The Four FCT Phases
The core practice components required by practitioners of Family Centered Treatment have evolved dramatically since the inception of the model in 1988. This has occurred because the key components of the model have been developed or integrated as front line practitioners’ experiences precipitated changes or additions.
Unique to FCT are the elements of transitional indicators into the Four Phases of Treatment. Unlike many treatment models that strictly rely on time frames to determine when a family “should” move to another stage of treatment, FCT utilizes its clinical supervision process to determine specific indicators demonstrating that a family has successfully completed a phase of treatment. This process is documented as part of the fidelity to the FCT model and indicated by the families’ progress while guided by the clinician, NOT strictly relying on number of days or sessions.
The Joining and Assessment Phase
The Joining and Assessment Phase of FCT contains distinctive considerations.
FCT clinicians respond quickly to referrals; the very nature of a referral indicates that a family is in acute crisis and the family needs support quickly.
Timely response provides opportunity for engaging the family when they are more likely to be highly motivated to examine and change behaviors.
Three unique Family Centered Evaluation© instruments are used by the family to identify needed additions, changes or improvements in family functioning skills.

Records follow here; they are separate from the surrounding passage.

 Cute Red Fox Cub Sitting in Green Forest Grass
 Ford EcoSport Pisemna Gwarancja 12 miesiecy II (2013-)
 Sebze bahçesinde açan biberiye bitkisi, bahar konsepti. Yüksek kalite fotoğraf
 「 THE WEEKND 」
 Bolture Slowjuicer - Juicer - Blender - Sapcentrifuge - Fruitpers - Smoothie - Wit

Additionally, these Family Centered Evaluation instruments are experiental and explore family resiliancy, the family life cycle and generational patterns.
The Restructuring Phase
Goals determined during the Joining & Assessment Phase provide the structure for guiding the family to negotiate tasks associated with daily living that are congruent with the goals set.
Repetitive transactional patterns, which develop over time into “rules” of interacting, drive how the family handles the tasks associated with daily living.

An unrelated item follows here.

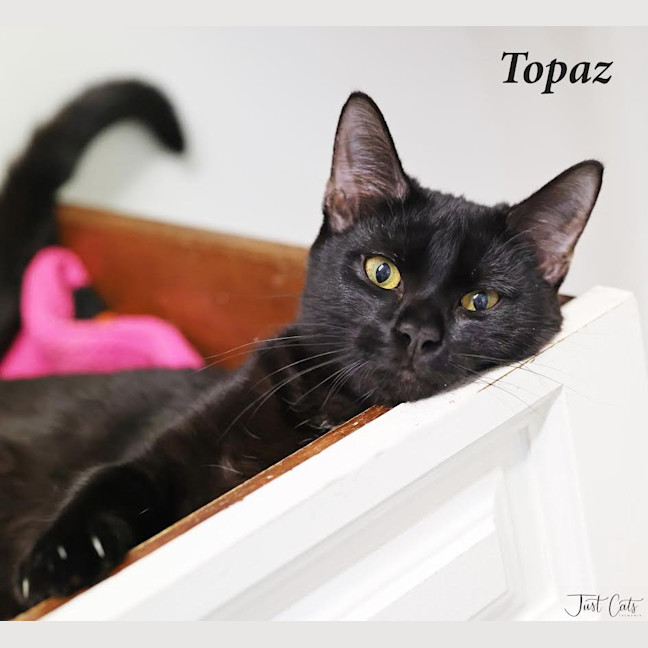 Photo of Topaz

FCT interventions are targeted at shifting the repetitive interaction patterns that make up the structure of the family.
(Minuchin, 1974; Minuchin & Fishman, 2004; Lindblad-Goldberg, 1998).
The Valuing Changes Phase
Value change is a critical and distinct component of FCT and developed to permit the family system to identify the new “practiced” behaviors that they value. Value change is integrated into FCT so that changes are not made simply to get through a crisis or in response to directions by the FCT clinician or in order to conform or comply with the external system.

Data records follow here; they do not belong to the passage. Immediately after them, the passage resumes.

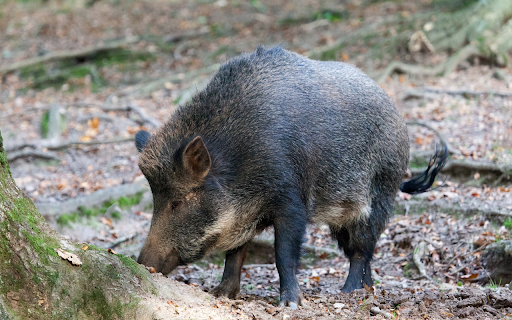 Black Wild Boar  from Chrome web store to be run with OffiDocs Chromium online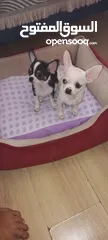  22 Chihuahua puppies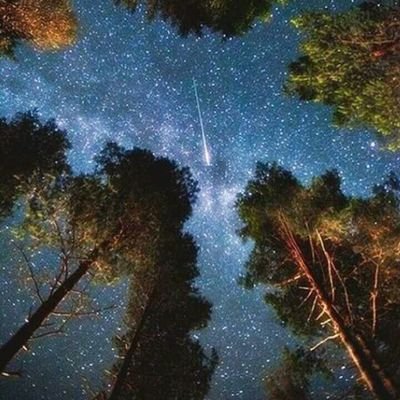 CRUZLetyami's profile picture. 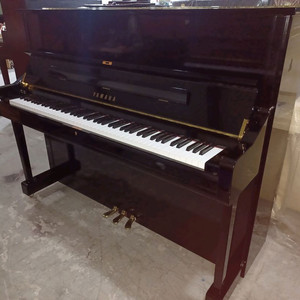 야마하U1 특 이미지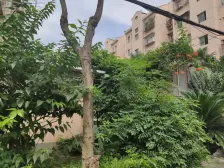 老年人的福音,一楼全明两房,户型正气采光全天刺眼可砍价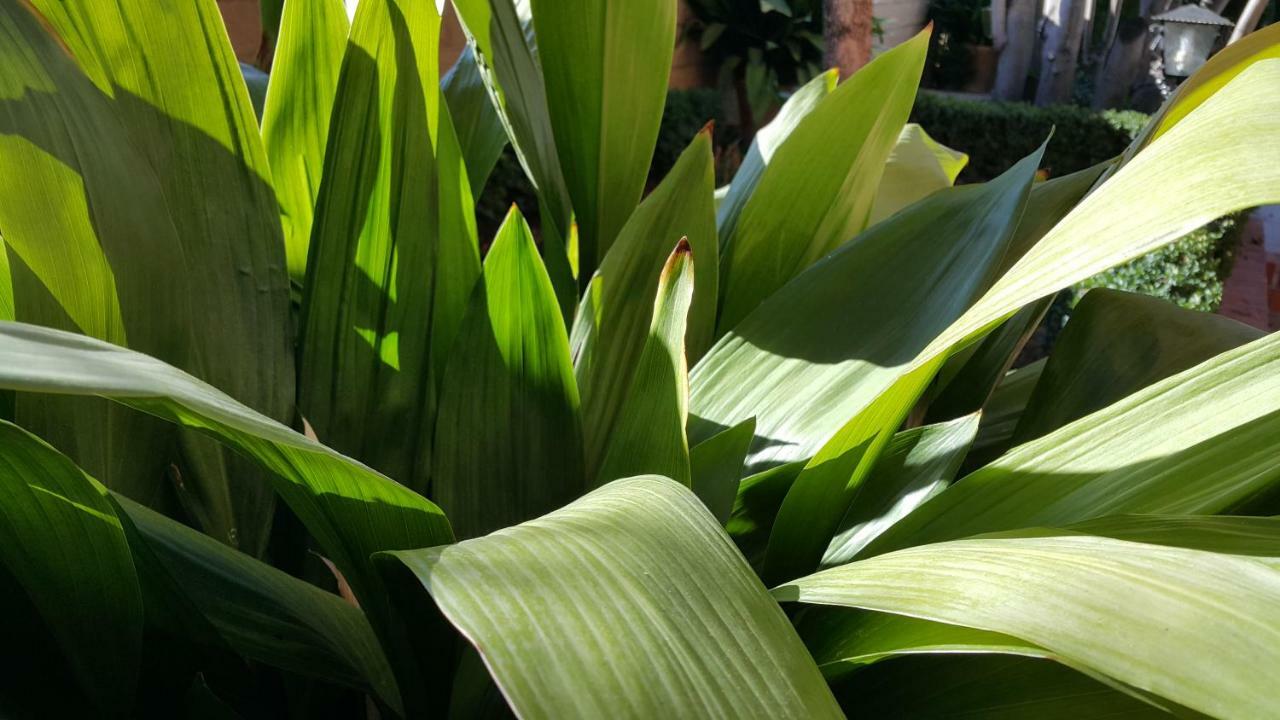El Jardin De La Abuela *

Integral to this Value Change phase is a process identified as the “power of giving” with which FCT works to position families to give to others as a method for discovery of their inherent worth and dignity. FCT purports that sustainable change in a family system occurs when the behavioral changes made during restructuring are valued and seen as necessary by the family.
The value change phase of FCT provides the impetus for the FCT clinicians to prompt this examination of intent or function of the changed behaviors.
The Generalization Phase
Typically, a family that enters the Generalization Phase of treatment is no longer overwhelmed by the crises, or the circumstances that tend to lead to crises.
Instead, they are handling them with their new skills and reporting the outcomes to their clinician.
FCT’s definition of a successful and appropriate closure is not determined by sources that are external to the family.
FCT works with the family to determine the timing of closure, using an analytical process that evaluates the changes that have occurred and the family’s ability to use the strategies and independent of external agencies.